Why Do I Have to Spend Five Years in College Instead of Four If I Want to Be a CPA?

As an aspiring certified public accountant (CPA), you will spend more time in college than your peers with other career aspirations. For various reasons, you should expect to be a college student for five years if you want to be a CPA. The extra time you spend studying will not only make you eligible to take the CPA examination, a necessary step for earning your CPA license, but also will allow you to broaden your accounting knowledge and skills.

The Rationale Behind 150 Semester Hours

The most obvious reason that aspiring CPAs need five years of study is because most states require candidates to have this 150 semester hours of college, and even the states that don’t currently have this requirement in place appear to be moving in the direction. To an inquisitive student, this requirement just raises another question. What’s the reasoning behind requiring five years instead of only four, just to take the exam? There are actually a few reasons for this, according to the American Institute of CPAs, but the primary reason is because four years is no longer enough time to cover all of the knowledge and skills a CPA will need to know in the ever-changing field of accounting.

What CPAs Need to Know

During the course of aspiring CPAs’ college careers, they will take coursework that builds and expands their technical accounting knowledge, provides general business skills and knowledge and helps them develop their communication and analytical skills. As matters like tax laws and regulations at federal, state and local levels become more complicated, CPAs need to know how to deal with these new and complex issues. The constant evolution of technological advances means that accounting students will need to learn more about auditing and information systems. As the field of accounting changes, so do the expectations of prospective employers, making these new and more advanced skills necessary even for accountants who are just beginning their careers. With all of the skills and knowledge today’s accounting students (and tomorrow’s CPAs) need to learn, the 150 semester hour requirement makes a lot of sense.

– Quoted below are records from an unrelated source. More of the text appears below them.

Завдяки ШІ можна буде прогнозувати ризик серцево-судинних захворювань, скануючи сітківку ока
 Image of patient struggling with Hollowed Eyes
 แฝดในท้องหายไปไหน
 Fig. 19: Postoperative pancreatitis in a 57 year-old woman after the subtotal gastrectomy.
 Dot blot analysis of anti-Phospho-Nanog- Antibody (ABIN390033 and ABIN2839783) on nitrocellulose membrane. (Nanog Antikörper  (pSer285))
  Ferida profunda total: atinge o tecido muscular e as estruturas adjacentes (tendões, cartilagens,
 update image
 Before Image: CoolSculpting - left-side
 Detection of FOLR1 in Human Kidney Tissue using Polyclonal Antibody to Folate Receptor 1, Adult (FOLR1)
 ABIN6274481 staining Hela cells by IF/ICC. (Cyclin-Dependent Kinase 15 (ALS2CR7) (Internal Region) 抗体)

For aspiring CPAs eager to get out into the real world and begin their accounting careers, a delay of an additional year can be frustrating, even if it is necessary. Consider the extra 30 semester hours to be an investment in your skills for the future, as well as an opportunity to build your résumé. You can make the most of your extra year of study by choosing an accelerated dual degree program that will allow you to earn a master’s degree in accounting, financial management or business administration as well as earning your bachelor’s degree. You can also take advantage of more extracurricular and internship opportunities during your college career. If used well, the extra year of study can do more than make you eligible to take the CPA exam.